You can find tables that will tell you how many BTU's fall on your location in each month. You can probably find them online, but you can also find them in library books.

If you're heating water in tubes, then you need to have two safety features. You need a pressure relief valve, in case they get too hot, and you need a way to drain the water if it's going to freeze. If you're putting panels on the roof and heating water in the basement, then you need a pump, and control circuitry.

I was interested in solar for a while, but decided a wood burning stove was probably cheaper and more reliable.

One solar use that really makes sense for a lot of people is a "batch" solar water heater. If only they weren't ugly...


----------



## YerDugliness (Jun 2, 2008)

Thanks for the links and suggestions, guys! All the information you have provided so far has been read and I find it very interesting.

I've already investigated a batch solar heater made from the tank of a gas-fired water heater. It might become the "preheater" for my electric whole-house HWOD unit during the winter, I think I can manage to "freezeproof" it with a little ingenuity. That removes one task from the rooftop solar system under consideration.....good news, no?

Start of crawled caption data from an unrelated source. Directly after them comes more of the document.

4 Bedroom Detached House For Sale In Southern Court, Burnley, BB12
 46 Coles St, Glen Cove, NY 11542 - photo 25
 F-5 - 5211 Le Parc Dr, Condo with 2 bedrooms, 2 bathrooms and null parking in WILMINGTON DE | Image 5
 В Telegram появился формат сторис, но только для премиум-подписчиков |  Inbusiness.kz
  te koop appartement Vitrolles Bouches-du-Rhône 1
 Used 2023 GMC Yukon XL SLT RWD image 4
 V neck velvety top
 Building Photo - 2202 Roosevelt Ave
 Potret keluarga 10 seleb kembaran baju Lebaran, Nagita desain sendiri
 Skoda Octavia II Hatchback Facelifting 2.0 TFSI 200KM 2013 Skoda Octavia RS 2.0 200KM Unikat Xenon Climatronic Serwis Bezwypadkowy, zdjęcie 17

The home under consideration will have some heating assist from a very small wood-burning stove and also from a passive solar heat source, a "solarium" on the south side of the house that will not be adversely affected by the elm tree. It is my hopes that the solar panel can be engineered to provide enough "assist" as necessary so that the home can be kept "freeze-free" during my winter absences, that's all I really care about at this point. Current plans for the underfloor radiant system involve using a small 240V electric HWOD unit to heat the water, I could foresee that the HWOD unit could be energized/de-energized by some sort of thermostat and relay. That way the HWOD would function in flow-through mode until its assistance is needed, then it would kick in to ensure that gloomy days do not leave the home unheated--the only issue I foresee with that is that I would really like to be able to turn the electricity off at the meter box panel when I leave. Perhaps a large enough water storage tank in the basement mechanical room is the key to allowing for that. The home is located in extreme SW Kansas, which the government's charts describe as one of the best areas to use solar.

More ideas/comments/suggestions, please!

Dugly


----------